GPT and BERT were actually the first models published after Attention was published by Google.
Haha fair question. I didn't make any special changes, I just left the lid open and put the laptop in a ventilated spot. I'm actually in the tropics, so I guess Lenovo scores some points here (the laptop is a Legion 5 Pro).
If you want to really cook your lap, try running Gentoo! Emerging (compiling) Firefox, glibc, gcc, Libre office and a few of their friends will soon show you how good the cooling is.
A few years back cough I upgraded gcc from 3 to 4 and emerged system and then world. That was over 1200 packages. It took about a week. That was in the days when I used a Windows wifi driver and some unholy magic to get a connection. I parked the laptop on a table with the lid open and two metal rods lifting it up 6" for airflow. I left the nearby window open a bit too.

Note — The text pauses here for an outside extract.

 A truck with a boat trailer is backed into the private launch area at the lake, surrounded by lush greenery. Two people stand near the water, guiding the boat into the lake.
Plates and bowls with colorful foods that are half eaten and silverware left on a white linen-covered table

Going off on a tangent: I used to use Gentoo in the past. I suspect, if you use one of the common processors, compiling your own binaries doesn't really give you any performance benefits, does it?

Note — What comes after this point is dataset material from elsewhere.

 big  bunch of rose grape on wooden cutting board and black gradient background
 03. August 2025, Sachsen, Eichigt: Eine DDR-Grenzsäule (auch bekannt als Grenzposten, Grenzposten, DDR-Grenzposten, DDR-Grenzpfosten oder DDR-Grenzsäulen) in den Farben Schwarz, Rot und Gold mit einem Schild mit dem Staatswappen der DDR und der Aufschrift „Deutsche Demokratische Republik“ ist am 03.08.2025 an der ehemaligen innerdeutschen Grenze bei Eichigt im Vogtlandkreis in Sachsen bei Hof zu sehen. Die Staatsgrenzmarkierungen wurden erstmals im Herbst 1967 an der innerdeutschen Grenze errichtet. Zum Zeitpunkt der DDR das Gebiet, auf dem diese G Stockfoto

(I have to admit I stopped using Gentoo mostly because it encouraged me to endlessly fiddle with my system, and it would invariably end up broken somehow. That's entirely my fault, and not Gentoo's. I switched to Archlinux as my distribution of choice, and I manage to hold myself back enough not to destroy my installation.)
Quite a bit of performance. Generally Linux distro (and really all general purpose OS's) need to limit the CPU features they can to a minimum common baseline. Your machine support AVX512 instructions? Those instructions won't be used by the compiler because it's not available everywhere the software will run. By compiling yourself, you can specialize the compilation to the features on the machine.
Beyond that the big win over performance even is customization. The most secure code, and the fastest code, is the code that isn't there at all. Do you really need your entire system to support LDAP authentication? Maybe... What about your local email daemon? Do you need that? Because cron does and since your mail daemon also has MySQL support built in, installing cron gets you the MySQL libraries.
I don't use it anymore because of the overhead, but there are a lot of performance and security benefits to be had there.
> Realistically, though, most software that can benefit from specialized instructions already detects their availability at runtime and uses those, even if the code was compiled with -march=x86-64.
It's all behind the submission link! I've set it up so that you can run it start to end, if you want. The only thing I'm not 100% sure about is resource requirements - I have an 8GB GPU and 32GB of RAM, it could be that if you have less than that you'd run into out of memory errors. Those would be fairly straightforward to fix, though (honestly I'd be happy to help if someone runs into this).
Edit - for anyone unsure about what "BERT" is or its relevance, it's a transformer based natural language model just like GPT. However, where GPT is used to generate text, BERT is used to generate embeddings for input text that you can then use for predictive models (e.g. sentiment prediction), and that process is also demonstrated in the notebook.
*Edit 2 - The 17 hours are pretraining only, not including the time to train the tokenizer, or finetuning.